To be everything the word "poet" implies is a large order. The term is often bandied about rather promiscuously. Almost everyone who tries to write poetry is a "poet."
But it's not a contradiction to say that everybody is basically and potentially a poet. I like to think everybody has a spark - if not a flame - of poetry, just as I think everybody has a spark of the divine.
So to refer to oneself as a poet is hardly necessary. It's like saying, "I'm a person." Sometimes, of course, you have to say that - or even shout it.
The question is, how do we get out of ourselves the poetry that is so deeply there? By a daily regimen of writing? By a careful study of form and meter - in Thomas Hardy, let's say? By taking courses and attending workshops in writing? By reading literary criticism? By pouring over the little magazines?

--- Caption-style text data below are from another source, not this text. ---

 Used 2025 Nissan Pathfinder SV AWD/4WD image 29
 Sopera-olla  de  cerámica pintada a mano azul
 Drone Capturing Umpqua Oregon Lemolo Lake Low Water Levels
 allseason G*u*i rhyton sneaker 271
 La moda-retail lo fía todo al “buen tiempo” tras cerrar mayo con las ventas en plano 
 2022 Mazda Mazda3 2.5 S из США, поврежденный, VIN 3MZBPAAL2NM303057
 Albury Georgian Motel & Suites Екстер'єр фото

I think the answer is no, none of the above. All of them can be helpful, certainly, especially reading and re-reading poems that we love. Marvin Bell has said, "You'll write up to the level of your reading."
A workshop, a teacher, a friend can point us to reading that will enrich our enjoyment and inform our understanding.

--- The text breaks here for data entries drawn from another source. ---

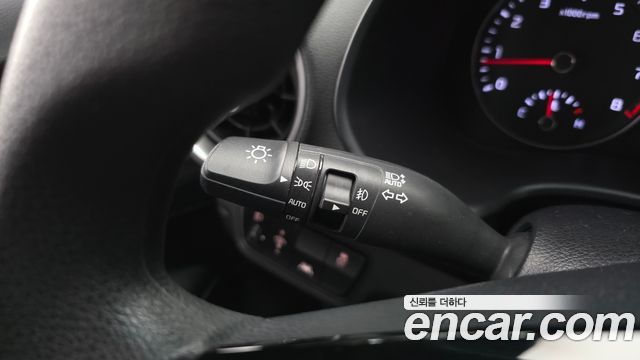 Kia K3 2019 — photo 29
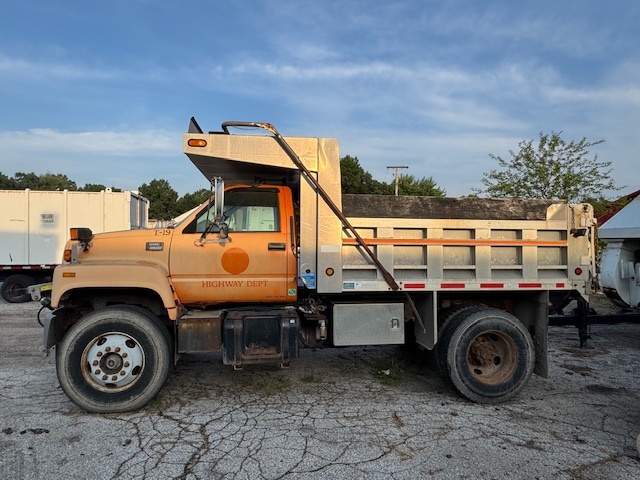 1999 GMC C8500 w/ 12' Highway Plow & Hydraulic Tailgate Spreader in Niles, MI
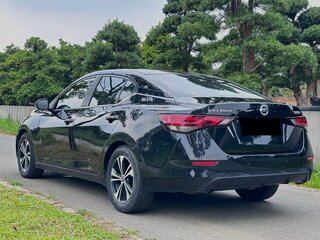 2022 Nissan Sylphy IV (B18), чёрный, 1625000 рублей, вид 3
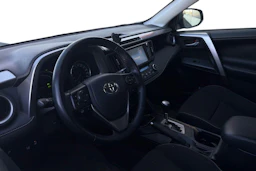 valkoinen Toyota RAV4 2017 kuva 3.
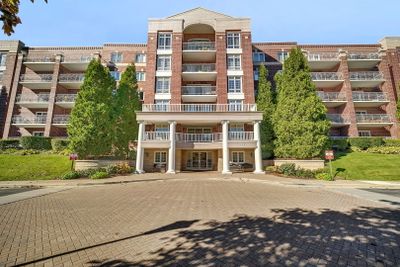 605 - 7071 W Touhy Avenue, Condo with 2 bedrooms, 1 bathrooms and 1 parking in Niles IL | Image 1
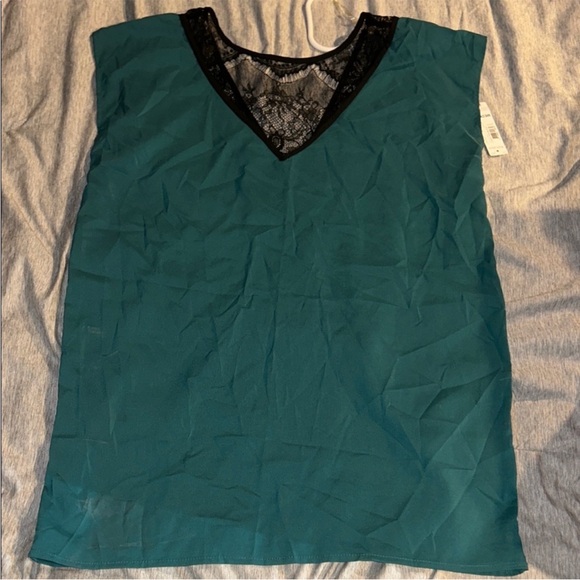 Bisou Bisou Teal Black Lace Detail Sleeveless V-neck Blouse - Picture 3 of 5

Also helpful, if not the only approach, is the willingness to write with a kind of wholehearted audacity (not holding anything back) and to revise mercilessly. Neil Millar, who wrote for these pages, used to say, "Write at white heat. Revise in cold blood."
But I think what we need, more than anything, is an artistic commitment - if not to any group then to ourselves as writers - a determination to renew and deepen ourselves until we find that we're living as artists most of the time.
We can each carry on our own private war with the cliche and with ready-made language that is easier to fall into than we sometimes realize. Stereotypes that standardize our writing in some gray manner and choke off creativity need to be recognized and avoided.
Our commitment is to find and speak our own language, thereby perhaps to influence and enhance the language of the race. Is it too much to expect?
When I say that we become artists most of the time, I don't mean that we relegate societal and domestic responsibilities to some lesser realm of endeavor or abdicate them in order to write poems. There are jobs to be done, people to see, groceries to be bought, children to be nourished and guided. It is not that we surrender or neglect any of these duties. It is rather that we learn to value them in such a way as to transform them into the language of poetry.
There is no such thing as a part-time poet. We're not poets just when we're writing poems or even because we're writing them, but because of how we look at life and how we're thinking and living.
We might accept this as a challenge: to take the ordinary in our life and make it into something extraordinary; take that which is pedestrian and give it wings.
When we plunge into the duties of life, making new connections with poetry, our lives and our poems begin to resonate with a new energy.
It is in us to rescue our writing from self-defeating extremes. Our poems need not become so private as to be isolated, unrelated to the tangible elements of human experience, to humanity and involvement with life. They need not become trivial and narrow.
What does it take to express the majesty, wonder, and wisdom that are hidden so deeply in us? It takes getting rid of whatever stifles the poet in us - a renunciation of all that is small-minded, second-best, soulless, and artificial.
My hope is that we find more poets of courage and commitment who will interpret the world and the universe to all of us with wise and enlightened comprehension and will leave, in the words of Stephen Spender, "The vivid air signed with their honor."